Although this says nothing about whether or not it will perform well in Singapore, but it certainly does worry me and probably the other local investors who are vested in local telco stocks to a certain extent. If TPG was able to achieve such phenomenal growth in a similarly competitive industry in Australia, it is somewhat arguable that to a certain extent, significant market share can also be potentially captured by them in Singapore, if they do things right.

(Please note that in Singapore, Telcos;. Singtel, Starhub, M1, provide both mobile and broadband services, this is unlike in Australia, where there are several companies which only provide either)

With all this hype about a 4th telco (note that it was only revealed in December 2016 that TPG won the bid, but they were believed to have a good chance due to their finances), its no wonder that M1's share price has fallen from a high of $2.89 to a low of $1.90 in the past year, whereas Starhub's share price has fallen from $3.97 to $2.73. Singtels share price on the other hand, has fallen from a high of $4.36 to a a low of $3.60. 

I am less worried about the performance of TPG affecting Singtel though, as some of you may already have known, Singtel derives only a small proportion of revenue from Singapore. It is the parent company of Optus in Australia, and has significant investments in other telcos in the region.  Furthermore, I also like the fact that Temasek Holdings currently hold 52.3% of the available shares in Singtel.

Singtel having a strong backer, highly diversified revenue, a good management track record, is evidenced by the relatively smaller fall in share prices as compared to the other locally listed telcos recently, even though the P/E of Singtel and it's dividend yield is significantly greater and smaller respectively, to a significant extent! (I would also like to add that the dividend yield Singtel currently sports is greater than their historical average, excluding special dividends).

This is why at current prices, Singtel is currently on my radar.  I will definitely be looking into buying more Singtel shares if prices start to fall further.

I hope that you have enjoyed reading this post, as much as I did writing it.

Best Regards,
- A 😁


  1. Hi A,
    Good overview of the local telco sector!
    Just wondering, what is your target price for Singtel to enter your position?

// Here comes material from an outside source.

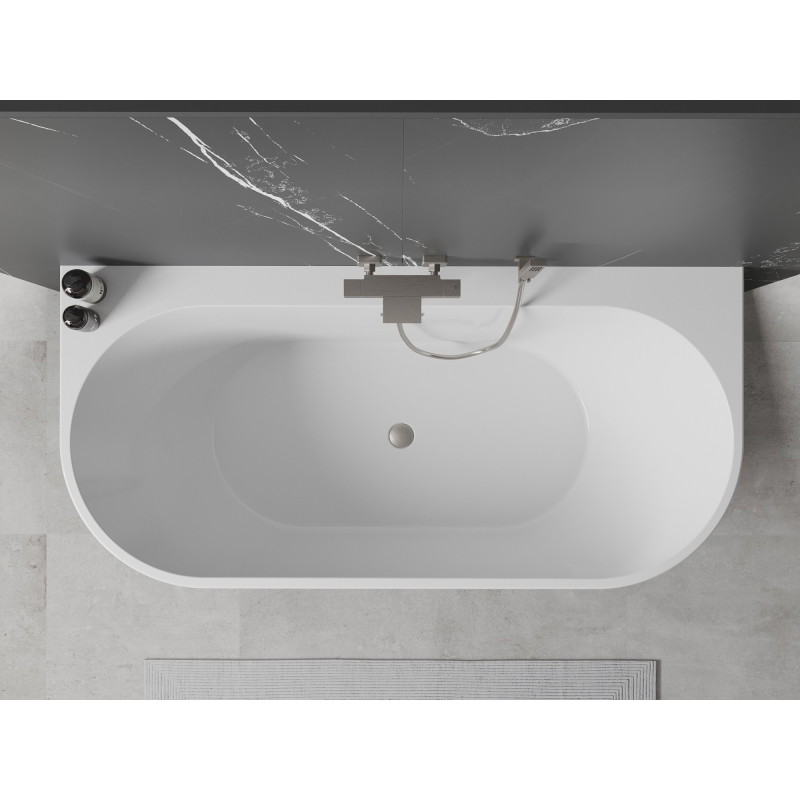 Mexen Oval+ freistehende Wandbadewanne 170 x 80 cm, weiß, Überlauf aus gebürstetem Nickel - 52681708000-97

Thanks

    1. Hi EzHuat,

      Firstly, good to see a fellow blogger here :).

      To be honest I do not have an exact share price target, and even if i were to name one it will be pretty arbitrary. However, personally I will be comfortable with entering when the P/E is below 15, which historically (in the past 5 years), is slightly below the average.

      Also, in the past 3 and a half years, it seems that there was only two periods of time whereby P/E is below 15, possibly a result of the news that China's growth was decelerating, but the share price also rebounded pretty quickly afterwards.

      A P/E of 15 would mean a share price of approximately $3.59, hence I would be comfortable buying in anywhere below the point. But of course, the lower the better :). It has always been difficult to buy in at the lowest point though, so I may possibly try to average down.